Y claro, este arduo proceso es una más de las medidas para que vivamos mejor todos (y todas, ya lo sé, es lo política y oralmente correcto) los mexicanos (y las mexicanas, lo mismo que en el paréntesis anterior) tiene sus sacrificios. Es cuestión de espacio y de productividad, simplemente. No se vaya a pensar que se hace para evitar que un billete oficial muestre el emblema adoptado por el movimiento ciudadano primero de la Convención Nacional Democrática y luego del llamado Gobierno Legítimo de México, instaurado entre quienes piensan que se cometió un fraude por muy diversos y variados frentes para impedir que Andrés Manuel López Obrador se convirtiera, como presuntamente correspondía, en Presidente de la República para el actual sexenio.

Jamás. Qué podría preocuparle a un gobierno que aparece a todas horas en anuncios televisivos y en noticiarios, enfrentar a un rival derrotado, que prácticamente no ha aparecido en televisión ni en radio desde hace un año y cuyos seguidores disminuyen día con día. Es más, con un tipo que exige acciones demenciales y que incluso ya hartó a muchos miembros de su propio partido, que representan, indudablemente, a la izquierda moderna y no a la populista y antediluviana.

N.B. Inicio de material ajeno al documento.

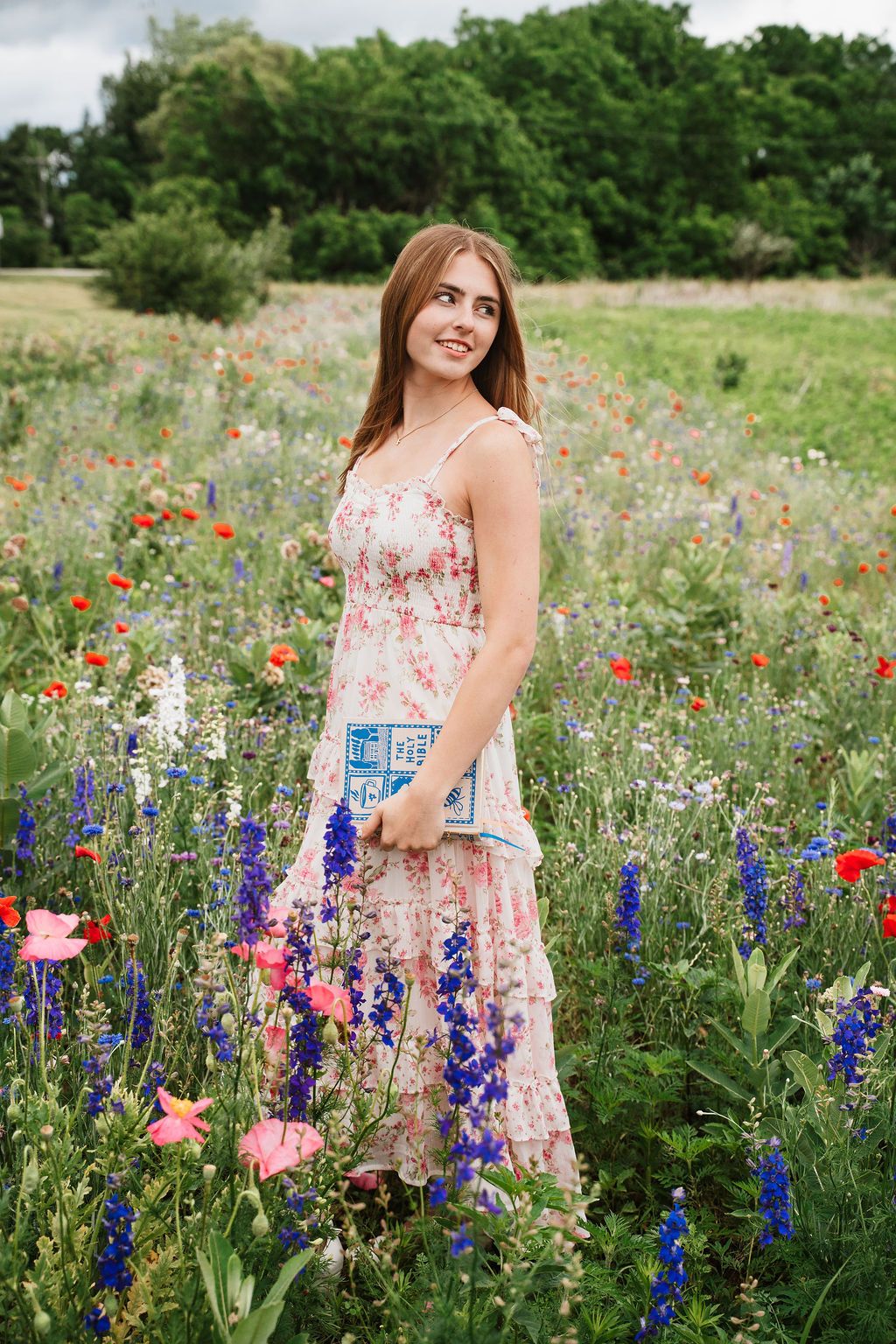 Young woman in floral maxi dress standing in colorful wildflower field with poppies and blue delphiniums.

Si la gente que lo sigue es minoría. Si sus discursos no se escuchan. Si los medios no le siguen el juego. Si su programa televisivo aparece los martes entre un mar de infomerciales, luego de videos musicales de Yahir y luego del gran programa del libre pensamiento y la crítica llamado Tercer Grado. Si su propio partido ya cambió de grupo en el poder. Si los gobernadores de la misma fórmula del sol azteca ya se tomaron la foto con el presidente de todos (sí, de todos los mexicanos vestidos de verde olivo). En fin, si sigue en campaña cuando ya pasaron doce meses de las elecciones presidenciales. ¿Qué importancia tiene el gran derrotado del sexenio?

Aún así, el billete cambió. Y desde el lunes 20 de agosto podremos comprobarlo, ya que comenzarán a circular en todo el país.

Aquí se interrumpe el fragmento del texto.